→ WHAT IS EXPECTED: Each line below should be written out exactly, with none skipped.
*** Block opens ***
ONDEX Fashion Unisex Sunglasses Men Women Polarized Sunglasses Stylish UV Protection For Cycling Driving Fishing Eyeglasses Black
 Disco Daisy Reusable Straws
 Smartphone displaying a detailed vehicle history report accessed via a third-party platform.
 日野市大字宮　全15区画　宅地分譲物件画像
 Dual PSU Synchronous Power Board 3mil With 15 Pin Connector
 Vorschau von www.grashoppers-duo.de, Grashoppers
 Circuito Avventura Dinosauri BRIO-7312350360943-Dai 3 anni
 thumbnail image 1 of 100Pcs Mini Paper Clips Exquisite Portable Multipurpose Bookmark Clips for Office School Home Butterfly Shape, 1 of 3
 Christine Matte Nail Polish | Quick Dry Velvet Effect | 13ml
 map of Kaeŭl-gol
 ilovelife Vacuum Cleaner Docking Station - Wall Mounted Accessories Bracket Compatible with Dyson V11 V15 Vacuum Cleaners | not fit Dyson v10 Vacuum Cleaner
*** Block closes ***
→ REPLY:
ONDEX Fashion Unisex Sunglasses Men Women Polarized Sunglasses Stylish UV Protection For Cycling Driving Fishing Eyeglasses Black
 Disco Daisy Reusable Straws
 Smartphone displaying a detailed vehicle history report accessed via a third-party platform.
 日野市大字宮　全15区画　宅地分譲物件画像
 Dual PSU Synchronous Power Board 3mil With 15 Pin Connector
 Vorschau von www.grashoppers-duo.de, Grashoppers
 Circuito Avventura Dinosauri BRIO-7312350360943-Dai 3 anni
 thumbnail image 1 of 100Pcs Mini Paper Clips Exquisite Portable Multipurpose Bookmark Clips for Office School Home Butterfly Shape, 1 of 3
 Christine Matte Nail Polish | Quick Dry Velvet Effect | 13ml
 map of Kaeŭl-gol
 ilovelife Vacuum Cleaner Docking Station - Wall Mounted Accessories Bracket Compatible with Dyson V11 V15 Vacuum Cleaners | not fit Dyson v10 Vacuum Cleaner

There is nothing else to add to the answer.